He noted that the land had been sold to EAgrium for about $7.50
per square meter, and that the cooperative could sell it to developers
for much more. Other groups, such as the similarly named Popular
Committee for the Defense of the Environment, emerged. The original
Popular Committee, according to its coordinator, Nasir al-‘Umari,
was made up of independent lawyers. Opposition parties led the
second, and its head, Samih Balah of the Wafd party, claimed
it was equally active, though less media-savvy.[2]
Environmental
activists and the Popular Committees organized a series of workshops
and conferences to educate the public. Among the events were
“Black Industries and Their Impact on the Environment,” “No to
Agrium, No to Dialogue, Yes to Investment in Tourism” and an
Earth Day celebration titled “Against Resource Drain and Pollution
in Damietta…and No to Pollution in Ra’s al-Barr.”
The popular
committees strategically timed vigils and demonstrations to coincide
with holidays and special events. For Sham al-Nasim, the Egyptian
folk holiday celebrated each spring by both Muslims and Copts,
thousands of people trooped to Ra’s al-Barr, where cabins, villas
and apartments were festooned with black flags and anti-factory
statements. Children stood at the city gates, carrying black
banners emblazoned with the slogan “in sympathy with Ra’s al-Barr.”

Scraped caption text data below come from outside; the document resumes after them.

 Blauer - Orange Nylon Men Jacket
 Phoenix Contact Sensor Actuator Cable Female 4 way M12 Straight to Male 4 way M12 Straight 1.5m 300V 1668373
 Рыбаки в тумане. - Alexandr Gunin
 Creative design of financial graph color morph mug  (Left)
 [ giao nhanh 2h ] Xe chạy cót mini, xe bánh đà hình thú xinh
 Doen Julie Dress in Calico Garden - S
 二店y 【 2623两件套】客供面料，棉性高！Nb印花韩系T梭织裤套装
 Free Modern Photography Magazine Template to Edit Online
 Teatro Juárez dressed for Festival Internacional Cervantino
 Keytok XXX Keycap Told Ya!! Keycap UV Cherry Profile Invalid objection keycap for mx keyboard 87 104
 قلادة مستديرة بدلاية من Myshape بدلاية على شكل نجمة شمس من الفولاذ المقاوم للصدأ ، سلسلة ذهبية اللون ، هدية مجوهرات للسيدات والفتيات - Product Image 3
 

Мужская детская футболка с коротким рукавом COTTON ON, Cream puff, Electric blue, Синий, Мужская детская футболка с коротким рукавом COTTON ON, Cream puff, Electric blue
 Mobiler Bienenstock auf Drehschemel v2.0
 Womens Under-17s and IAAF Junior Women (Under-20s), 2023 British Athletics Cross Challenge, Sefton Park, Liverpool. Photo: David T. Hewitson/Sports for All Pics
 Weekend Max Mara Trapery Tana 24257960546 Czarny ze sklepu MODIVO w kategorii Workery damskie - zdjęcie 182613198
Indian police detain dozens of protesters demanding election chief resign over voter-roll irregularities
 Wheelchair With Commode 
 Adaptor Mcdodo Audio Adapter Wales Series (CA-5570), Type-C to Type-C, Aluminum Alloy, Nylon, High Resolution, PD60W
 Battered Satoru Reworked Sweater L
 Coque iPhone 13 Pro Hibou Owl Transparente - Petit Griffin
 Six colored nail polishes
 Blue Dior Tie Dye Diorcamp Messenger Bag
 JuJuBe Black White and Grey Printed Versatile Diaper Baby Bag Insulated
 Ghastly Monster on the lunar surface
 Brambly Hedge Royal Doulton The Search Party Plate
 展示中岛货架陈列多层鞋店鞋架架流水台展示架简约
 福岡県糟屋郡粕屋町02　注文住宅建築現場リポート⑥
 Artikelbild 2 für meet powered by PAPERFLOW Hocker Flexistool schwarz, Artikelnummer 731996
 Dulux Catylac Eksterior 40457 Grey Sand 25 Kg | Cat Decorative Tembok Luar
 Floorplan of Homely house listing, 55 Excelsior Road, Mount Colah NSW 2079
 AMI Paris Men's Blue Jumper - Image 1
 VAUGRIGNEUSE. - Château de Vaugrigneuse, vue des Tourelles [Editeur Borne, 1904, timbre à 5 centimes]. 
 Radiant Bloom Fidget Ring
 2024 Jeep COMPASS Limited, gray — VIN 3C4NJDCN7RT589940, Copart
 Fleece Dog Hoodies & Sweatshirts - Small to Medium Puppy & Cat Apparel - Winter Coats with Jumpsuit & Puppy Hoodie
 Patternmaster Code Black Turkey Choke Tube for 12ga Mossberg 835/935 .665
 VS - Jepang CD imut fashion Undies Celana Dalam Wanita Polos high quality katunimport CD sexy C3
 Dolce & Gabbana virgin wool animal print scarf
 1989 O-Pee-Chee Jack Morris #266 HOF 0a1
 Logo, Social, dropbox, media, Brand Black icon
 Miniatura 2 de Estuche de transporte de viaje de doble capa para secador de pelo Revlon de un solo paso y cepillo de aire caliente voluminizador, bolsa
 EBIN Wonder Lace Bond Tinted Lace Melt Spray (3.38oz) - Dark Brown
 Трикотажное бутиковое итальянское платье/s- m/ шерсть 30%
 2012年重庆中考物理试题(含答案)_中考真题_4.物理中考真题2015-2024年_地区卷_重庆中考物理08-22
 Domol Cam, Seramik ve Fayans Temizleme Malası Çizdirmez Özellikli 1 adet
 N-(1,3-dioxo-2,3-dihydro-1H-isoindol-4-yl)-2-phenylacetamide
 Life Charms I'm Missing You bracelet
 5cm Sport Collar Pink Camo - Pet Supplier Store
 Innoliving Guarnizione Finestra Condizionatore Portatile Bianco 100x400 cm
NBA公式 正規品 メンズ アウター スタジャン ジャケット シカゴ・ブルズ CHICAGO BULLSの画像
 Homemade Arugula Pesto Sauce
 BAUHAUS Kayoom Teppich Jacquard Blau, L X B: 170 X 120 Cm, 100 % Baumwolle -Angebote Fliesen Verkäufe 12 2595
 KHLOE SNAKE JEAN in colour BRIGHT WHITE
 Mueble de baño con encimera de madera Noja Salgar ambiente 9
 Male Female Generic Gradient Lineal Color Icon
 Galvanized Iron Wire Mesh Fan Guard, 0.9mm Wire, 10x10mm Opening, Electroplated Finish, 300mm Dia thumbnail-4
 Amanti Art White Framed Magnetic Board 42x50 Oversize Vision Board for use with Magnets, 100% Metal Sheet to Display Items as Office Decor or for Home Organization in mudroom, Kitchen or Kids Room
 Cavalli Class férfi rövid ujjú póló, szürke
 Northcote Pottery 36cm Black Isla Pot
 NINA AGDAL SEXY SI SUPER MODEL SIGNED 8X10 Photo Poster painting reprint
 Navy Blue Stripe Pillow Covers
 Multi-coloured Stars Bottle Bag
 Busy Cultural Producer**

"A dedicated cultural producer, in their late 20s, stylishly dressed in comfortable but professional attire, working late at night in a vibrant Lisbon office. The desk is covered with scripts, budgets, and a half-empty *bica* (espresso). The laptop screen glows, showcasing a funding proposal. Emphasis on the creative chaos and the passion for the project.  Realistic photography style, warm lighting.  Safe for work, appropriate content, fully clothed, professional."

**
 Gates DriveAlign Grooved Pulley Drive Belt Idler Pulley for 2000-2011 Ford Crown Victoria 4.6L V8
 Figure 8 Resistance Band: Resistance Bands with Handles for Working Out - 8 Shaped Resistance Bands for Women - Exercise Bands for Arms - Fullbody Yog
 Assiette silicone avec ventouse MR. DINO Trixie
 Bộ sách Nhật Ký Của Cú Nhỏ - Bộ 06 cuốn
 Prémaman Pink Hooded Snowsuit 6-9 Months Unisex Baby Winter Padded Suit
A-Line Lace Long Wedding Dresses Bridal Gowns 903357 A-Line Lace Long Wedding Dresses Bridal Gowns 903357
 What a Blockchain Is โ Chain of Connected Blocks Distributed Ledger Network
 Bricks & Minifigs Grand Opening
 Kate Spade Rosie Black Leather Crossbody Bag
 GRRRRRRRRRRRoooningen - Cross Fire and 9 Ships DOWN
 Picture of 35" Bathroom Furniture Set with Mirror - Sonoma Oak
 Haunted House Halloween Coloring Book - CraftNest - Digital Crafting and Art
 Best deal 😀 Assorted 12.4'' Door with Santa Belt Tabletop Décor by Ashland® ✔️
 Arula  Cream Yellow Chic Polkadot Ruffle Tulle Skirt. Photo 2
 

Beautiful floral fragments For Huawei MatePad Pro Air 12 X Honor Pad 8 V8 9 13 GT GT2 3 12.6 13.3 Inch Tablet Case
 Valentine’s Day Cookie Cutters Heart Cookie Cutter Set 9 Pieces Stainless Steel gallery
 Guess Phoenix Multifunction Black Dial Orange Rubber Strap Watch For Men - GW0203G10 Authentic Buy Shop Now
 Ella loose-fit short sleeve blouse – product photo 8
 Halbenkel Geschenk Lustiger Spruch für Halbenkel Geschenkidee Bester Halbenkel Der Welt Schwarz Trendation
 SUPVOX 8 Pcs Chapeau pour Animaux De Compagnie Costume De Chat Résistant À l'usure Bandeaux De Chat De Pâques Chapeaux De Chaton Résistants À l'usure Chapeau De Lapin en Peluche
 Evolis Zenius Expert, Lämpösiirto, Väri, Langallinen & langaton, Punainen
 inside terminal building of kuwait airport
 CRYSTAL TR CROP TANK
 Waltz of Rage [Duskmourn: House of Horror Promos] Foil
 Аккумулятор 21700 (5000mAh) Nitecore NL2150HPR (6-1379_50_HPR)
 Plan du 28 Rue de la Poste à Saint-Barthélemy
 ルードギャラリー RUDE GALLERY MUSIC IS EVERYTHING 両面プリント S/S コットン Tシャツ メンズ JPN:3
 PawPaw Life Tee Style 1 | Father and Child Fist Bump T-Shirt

A day later, an estimated 5,000 citizens marched bearing still
more black banners. The governor, after failing to get the crowd
to disperse, told the protesters that “Damietta is in the heart
and mind of the president” and that the factory would be moved
to Suez. As part of the Earth Day events, children marched carrying
balloons, flowers and banners that appealed to “President Mubarak
and Mama Suzanne” to “save us from Agrium and grant us the right
to a clean life.”
Such pleas
to the president and his family were intended to distinguish
the “legitimate” protests in Damietta from others that had an
anti-regime flavor. This tactic paid dividends when Mubarak,
according to al-Misri al-Yawm’s local correspondent,
announced that the plant would not be built without the approval
of the people of Damietta.[3] From then on, it was a leitmotif
of the protesters to invoke the president’s pledge. For instance,
when the members of the Damietta local councils announced they
would freeze work if the government did not cancel the project,
they reminded the governor of Mubarak’s promise. In early June,
thousands of protesters held vigils outside mosques, calling
directly on the president for a binding decision on the EAgrium
project. They chanted slogans (rhymed in Arabic) like “We want
a decision, disaster beckons,” “If no one listens to your demands,
we’ll remove the factory with our own hands,” and “Governor,
tell the boss, Damiettans are good folks.”[4] The
protesters thus deliberately played upon the paternalist image
cultivated by the regime, in which the president, as head of
the family, should intervene directly to resolve disputes.
Strikes, formal
complaints to authorities and lawsuits were another tactic employed
by various groups in Damietta, such as professional syndicates
and civil servants. The head of the Chamber of Tourist Facilities
in the Middle Delta threatened that his affiliates would strike,
while Damietta’s lawyers did keep their briefcases shut, effectively
delaying the hearing of numerous court cases.
Opposition
members of Parliament also voiced their concerns, as did the
NDP -- though only after the campaign had gained momentum, according
to Balah and al-‘Umari. An NDP deputy from Damietta observed,
“The government with its terrible suspicious silence did not
move forward and was oblivious to the feeling of the street,
which won’t be calmed until the matter is resolved.”[5] The
secretary-general of the NDP Youth in Damietta filed a court
case against the Ministries of Housing, Environment and New Communities
for issuing permits for the project.
Charges of
corruption were rife. Al-Misri al-Yawm reported that
local council members accused Agrium of fraudulently using their
signatures to indicate their approval of the plant, when in fact
they had merely signed their names as attendees of a meeting
called by the firm. Anti-factory campaigners, including members
of Parliament, also alleged that the company had paid various
officials $25 million in kickbacks to secure the required permits.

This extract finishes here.